§ What to produce: For the material below, set down exactly the lines between the one containing "Laundry area featuring" and the last line, both included, leaving every picture out.

§ Source data:
+---+

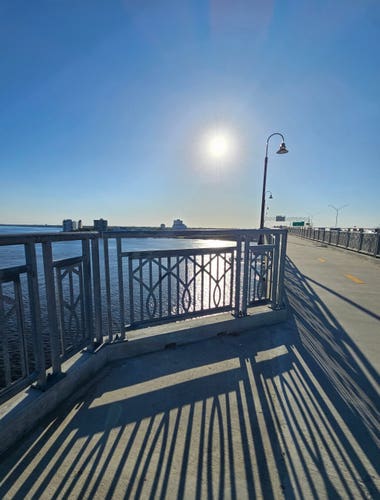 From an observation deck high above a vast river, the bright sun is low in a brilliant clear blue sky, casting a bright reflection across the water below and large, crawling shadows from the bridge railings onto the pavement and walkway.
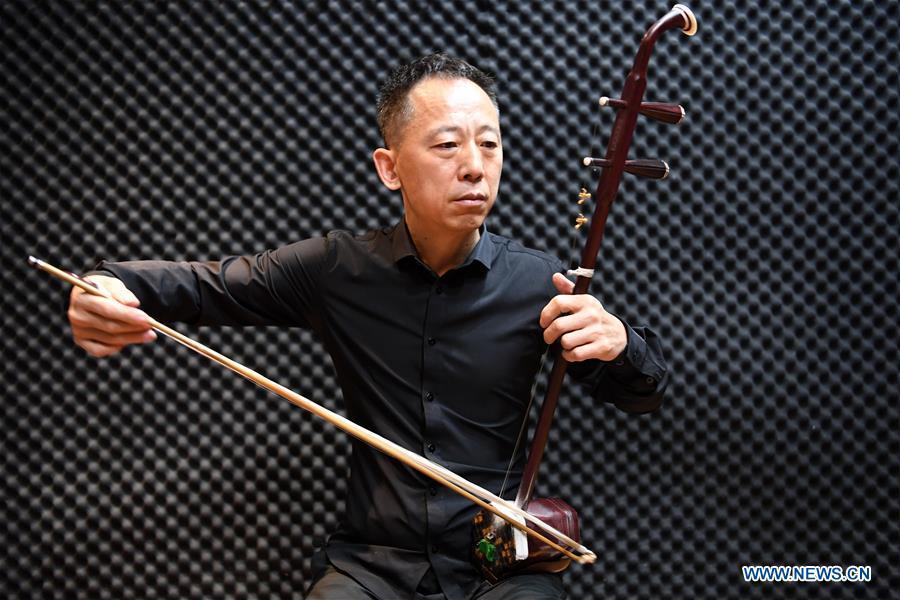 Erhu performer Zhang Zhijun plays Erhu in Lanzhou, northwest China\'s Gansu Province, May 13, 2019. Erhu, sometimes known as the Chinese violin or Chinese two-stringed fiddle, is a Chinese traditional two-stringed bowed musical instrument. It is used as a solo instrument as well as in small ensembles and large orchestras. Erhu, traced back to ancient Chinese Tang dynasty (618-907), is now used in both traditional and contemporary music arrangements, such as in pop, rock and jazz. The famous solo pieces include Er Quan Ying Yue (Two Springs Reflecting the Moon) by Abing and Sai Ma (Horse Race) by Huang Haihuai. (Xinhua/Fan Peishen)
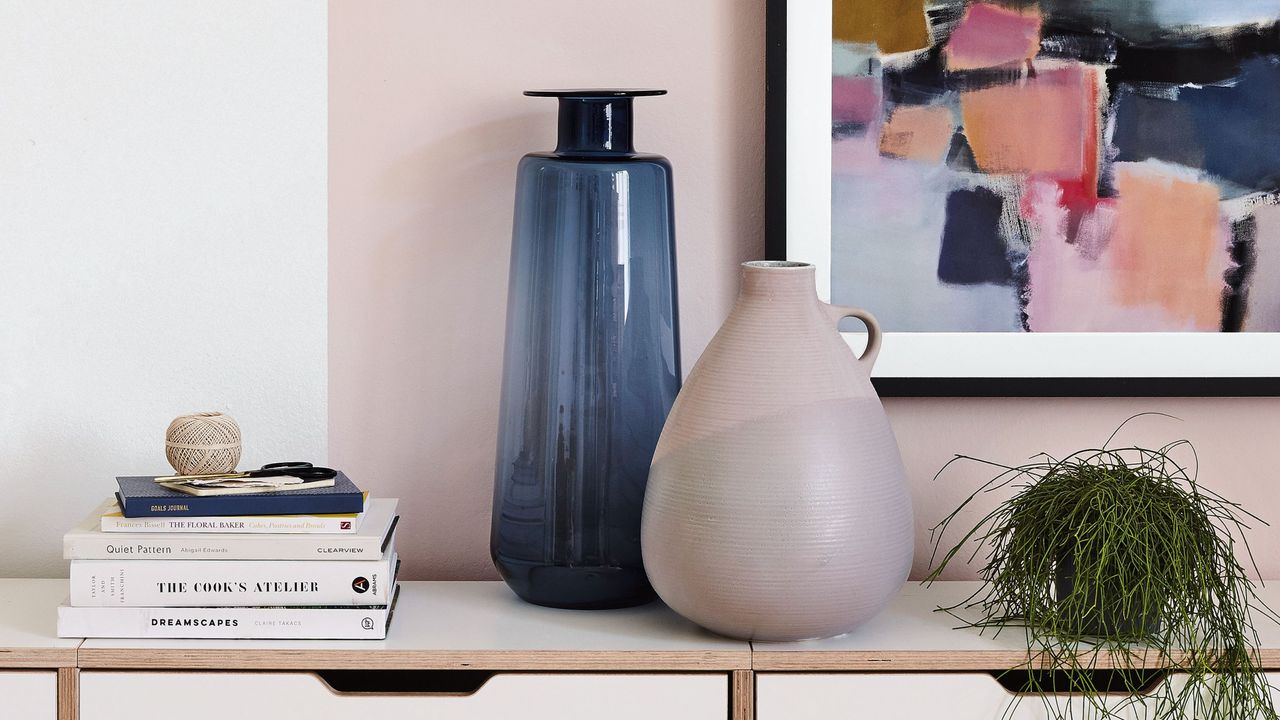 Decorative vase, books, and plant displayed on top of shelving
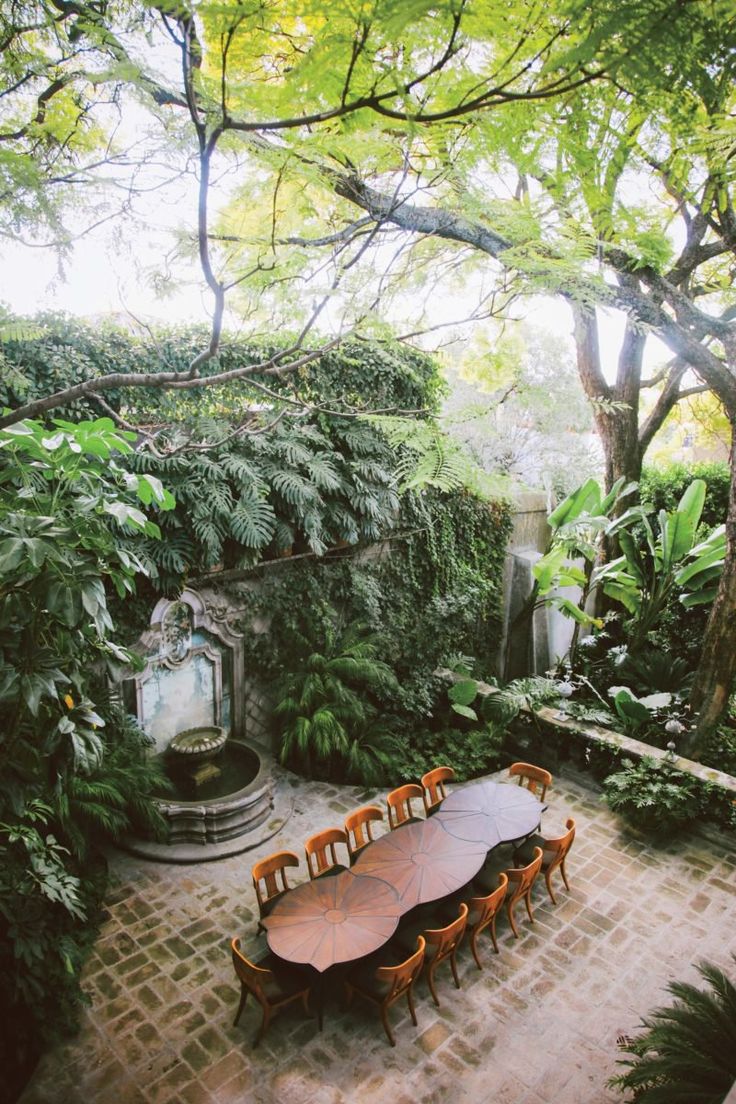 an outdoor dining table surrounded by greenery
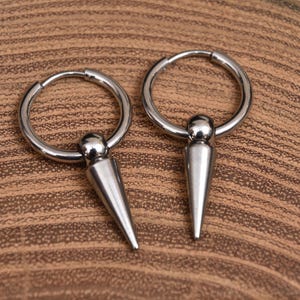 Puede incluir: Un par de pendientes de aro de plata con una punta puntiaguda que cuelga de cada aro.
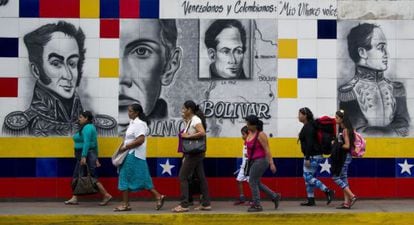 Pessoas caminham ante um mural no Estado de Táchira.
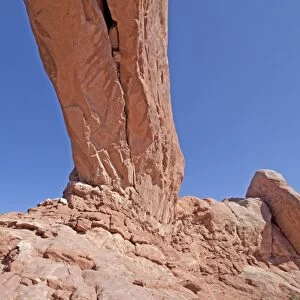 Looking up at the arch of North Window at Arches National Park. These arches are made from Entrada Sandstone which over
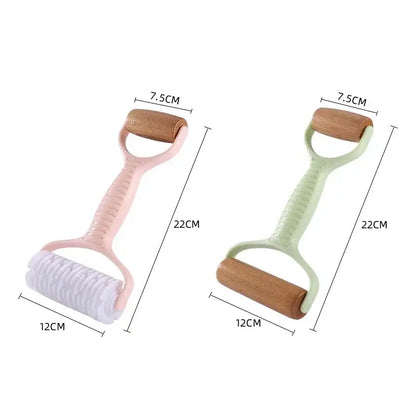 Pink and mint green plastic-handled decorbites dough roller with wooden heads and grid knife for dough roller rolling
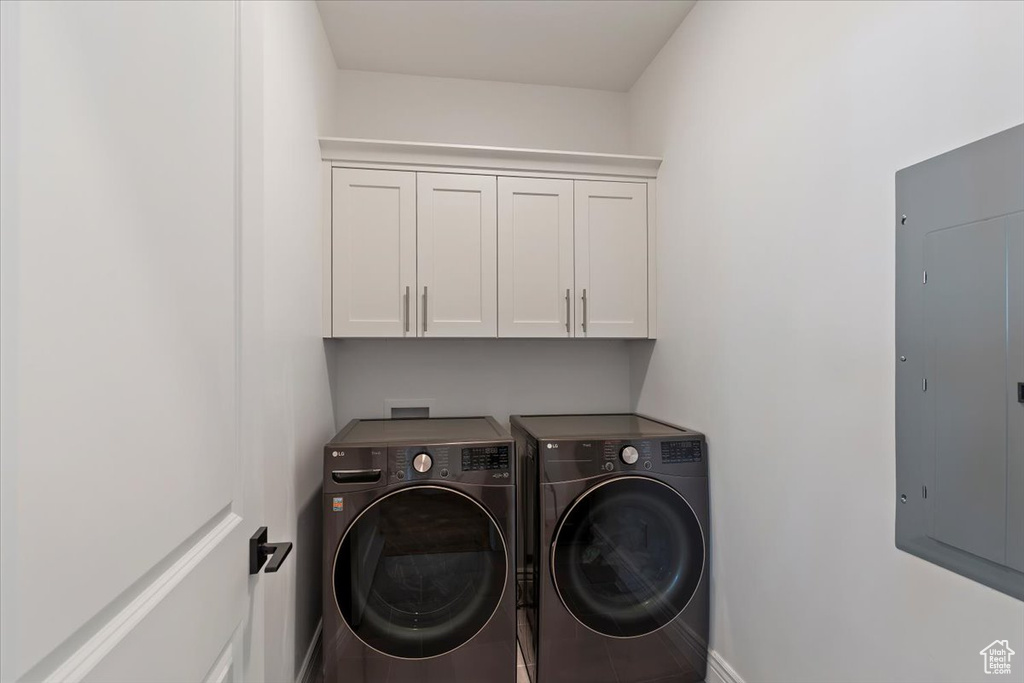 Laundry area featuring washing machine and clothes dryer, electric panel, cabinet space, and baseboards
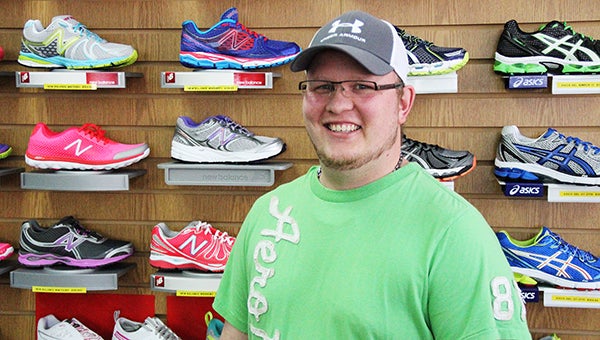 Jordan Flatness stands Monday in front of New Balance and Asics shoes for sale at Tiger City Sports. --Tim Engstrom/Albert Lea Tribune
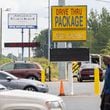 A person walks through the parking lot of a strip of businesses along Glenwood Road near its intersection with Columbia Drive in southern DeKalb County. on Wednesday, September 25, 2024. (Arvin Temkar / AJC)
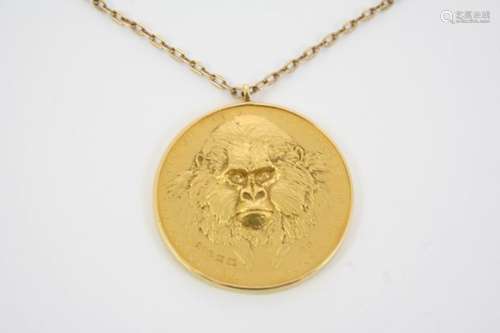 GERALD BENNEY AND DAVID WYNNE A 22ct. gold 'Wild Life' medallion, in a pendant mount, of circular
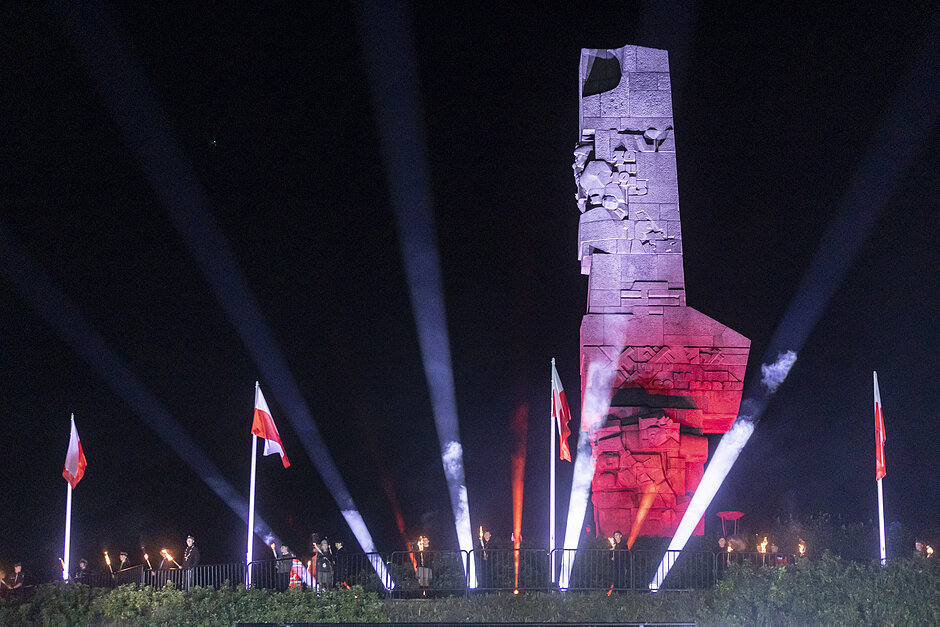 duży pomnik o czerwono-białym wyglądzie na nim. Pomnik wydaje się być wykonany z kamienia lub betonu i ma wysoki i prostokątny kształt. Jest oświetlony niebieskimi i czerwonymi światłami, tworząc dramatyczny efekt. Przed pomnikiem stoi kilka czerwonych flag z białymi biegunami i grupa ludzi stojących na nim, patrzących w górę na rzeźbę.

+---+

§ Response to this task:
 Laundry area featuring washing machine and clothes dryer, electric panel, cabinet space, and baseboards
 Jordan Flatness stands Monday in front of New Balance and Asics shoes for sale at Tiger City Sports. --Tim Engstrom/Albert Lea Tribune
 A person walks through the parking lot of a strip of businesses along Glenwood Road near its intersection with Columbia Drive in southern DeKalb County. on Wednesday, September 25, 2024. (Arvin Temkar / AJC)
 GERALD BENNEY AND DAVID WYNNE A 22ct. gold 'Wild Life' medallion, in a pendant mount, of circular
 duży pomnik o czerwono-białym wyglądzie na nim. Pomnik wydaje się być wykonany z kamienia lub betonu i ma wysoki i prostokątny kształt. Jest oświetlony niebieskimi i czerwonymi światłami, tworząc dramatyczny efekt. Przed pomnikiem stoi kilka czerwonych flag z białymi biegunami i grupa ludzi stojących na nim, patrzących w górę na rzeźbę.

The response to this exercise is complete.